Q: My condominium association recently engaged an attorney and a question has come up as to whom the attorney represents, the association, the board members, the management company, the owners, or all of the above. Who is the attorney’s client? (G.F. via e-mail)
A: The attorney represents the association as a corporate entity and does not personally represent any individuals or entities related to the corporation including the board members, the manager, or the individual owners.
This distinction is illustrated by the fact that the applicable statutes expressly exempt all records protected by the attorney-client privileged from those records open to inspection and copying by owners. Therefore, while owners may feel they “pay for the attorney” (and they do), they are generally not entitled to have access to legally privileged documents.
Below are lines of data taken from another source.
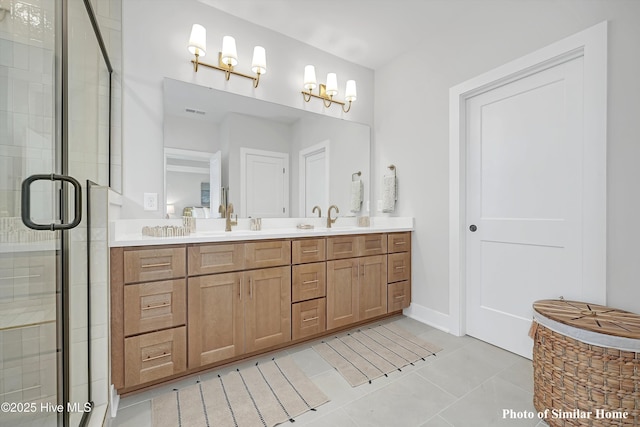 full bath featuring tile patterned flooring, a sink, double vanity, and a stall shower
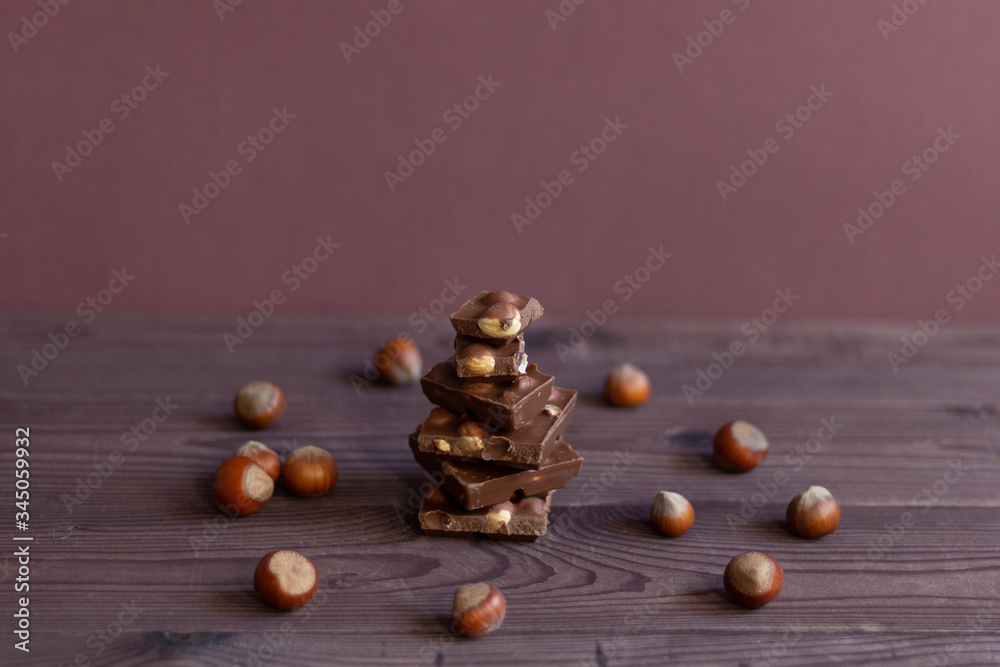 Pieces of dark chocolate with nazel nuts on brown wooden backgrouns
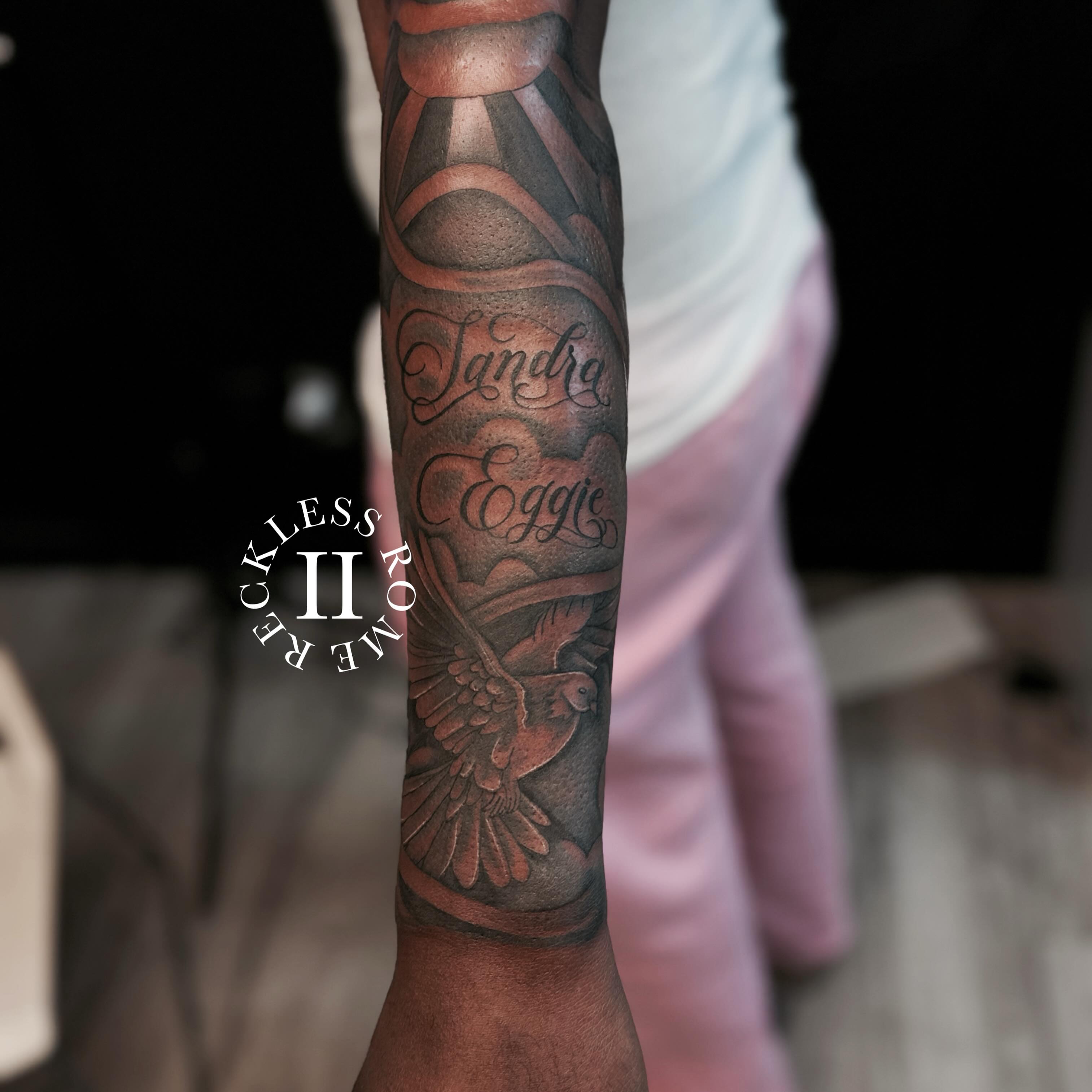 Bird and name black and grey tattoo on the forearm by Rome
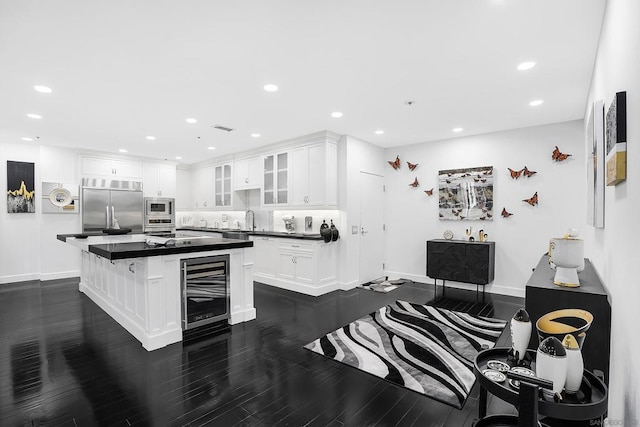 kitchen featuring a center island, wine cooler, built in appliances, white cabinets, and sink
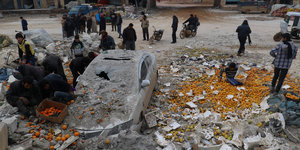 Ein Marktplatz nach einem Luftangriff, Menschen stehen um ein zerstörtes Auto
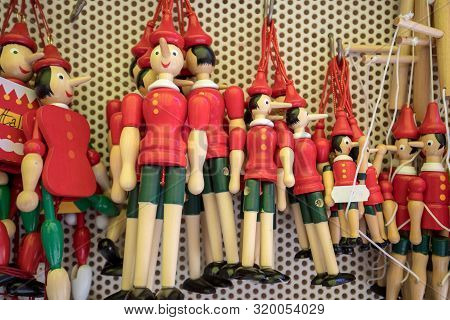 Sorrento, Italy - June 12, 2017: Painted Wooden Marionette Dolls Of The Figure Of Pinocchio  In A So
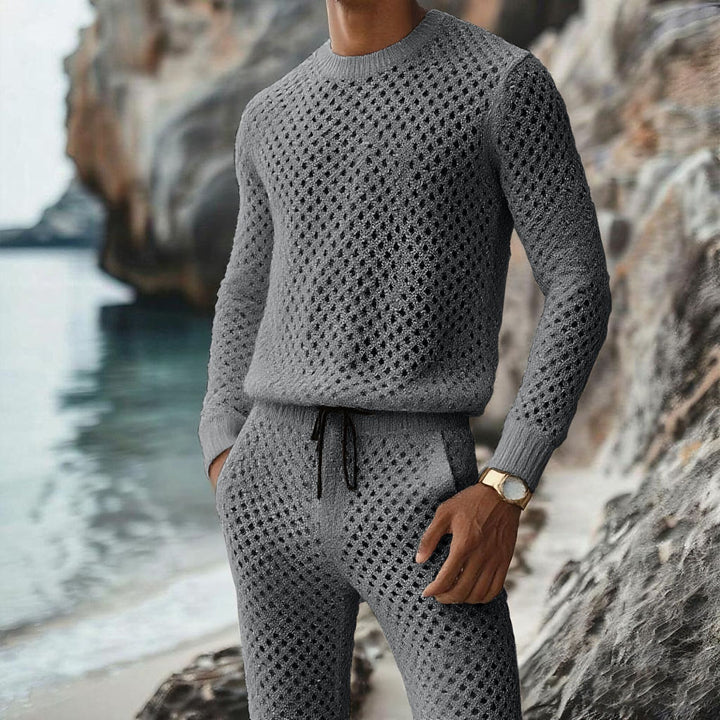 Herren Strukturstrick-Pullover mit feinmaschigem Lochmuster und Rundhals Echoarchiv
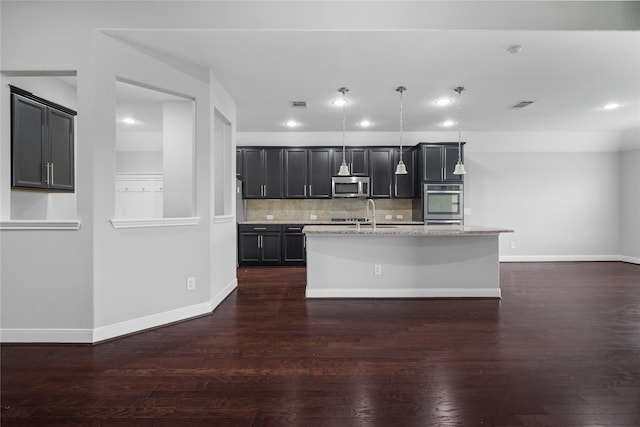 kitchen featuring decorative light fixtures, an island with sink, appliances with stainless steel finishes, and dark wood-type flooring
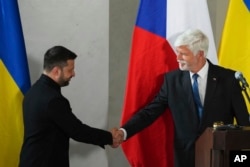 Președintele ceh Petr Pavel (dreapta) dă mâna cu omologul său ucrainean, Volodimir Zelenski, după conferința lor de presă de la Castelul Praga, la 4 mai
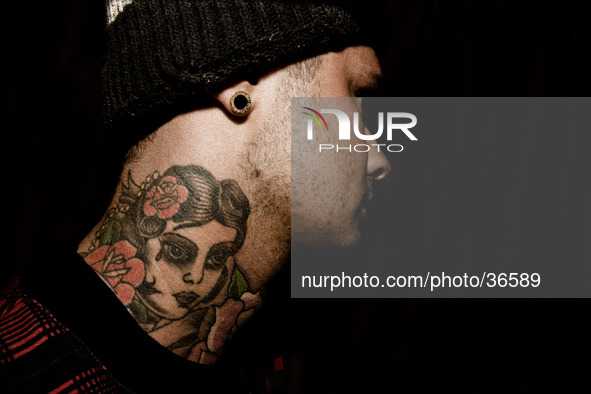 Portraits of tattooed people, in Milan, Italy. 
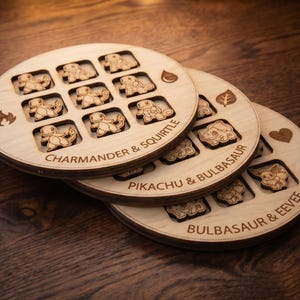 May include: Three circular wooden game boards featuring laser-engraved grid patterns and character icons. The boards are labeled with text including Charmander & Squirtle, Pikachu & Bulbasaur, and Bulbasaur & Eevee, with small fire, water, leaf, and heart symbols.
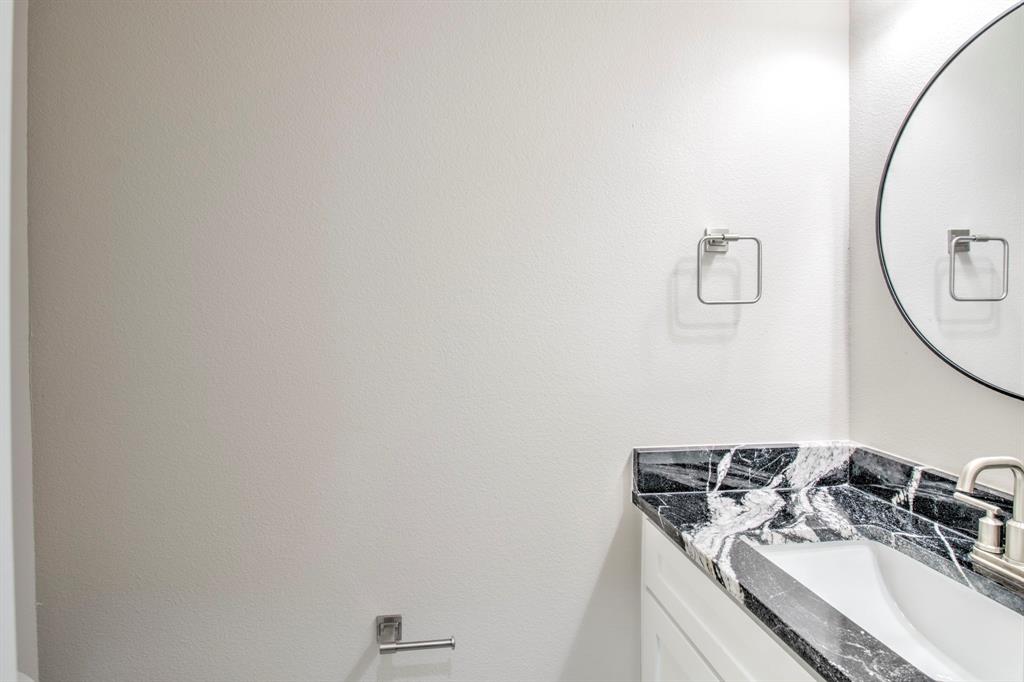 6180 Old Sherman Road Whitesboro, TX 76273 - Photo 23 of 30 a bathroom with a sink and a mirror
Additionally, the courts have ruled in the face of a conflict of interest assertion, that the association’s attorney is not precluded from suing a unit owner because the attorney does not represent that owner. The same holds true for the individual board members and management. The attorney takes direction from the board of directors, or from management as directed by the board, because that is how corporations operate.
Q: The board of directors of my homeowners’ association often sends notice of board meetings by e-mail, but just a couple of hours before a meeting. Is this legal? (C.V. via e-mail)
A: It is not illegal, but also is not legally sufficient notice. The Florida Homeowners’ Association Act provides that unless the association’s bylaws or other governing documents state otherwise, notice of board meetings must be conspicuously posted in the community 48 hours in advance. If notice is not so posted, notice must be mailed or delivered to each member at least 7 days before the meeting, except in an emergency. It should also be noted that in certain circumstances (such as the adoption of assessments and some types of rules), written notice must be sent to the members at least 14 days in advance.
Q: I am the vice president of our condominium association. With the exception of me, all of our directors leave Florida for northern homes in April, and most do not return until November or later. For six months of the year, I am the only director on the premises, and am asked to make decisions that I am not always comfortable with. We have developed a practice where these decisions are made by the board as a whole through e-mail. Is this legal? (J.G. via e-mail)
A: It depends. Section 718.112(2)(c) of the Florida Condominium Act specifically provides that members of the board may use e-mail as a means of communication, but may not cast a vote on an association matter via e-mail. Therefore, if a matter requires a vote of the board, it cannot be decided by e-mail.
However, many day-to-day decisions of an association do not require a board vote, particularly when implementing matters which have already been authorized by the board. If you want to get input from your fellow board members on a particular course of action in that type of situation (and it is not a formal board vote), then I think that it legally permissible.
There are certain actions which may specifically require approval of the board under your condominium documents. You may wish to consult with the association’s legal counsel as to the extent to which those approvals can be delegated to an individual officer, a committee, or management. This is a bit of fine line.
I would also point out that there remains an open question under the law as to whether internal board discussion e‑mails are part of the official records of the association, and thus subject to inspection by owners.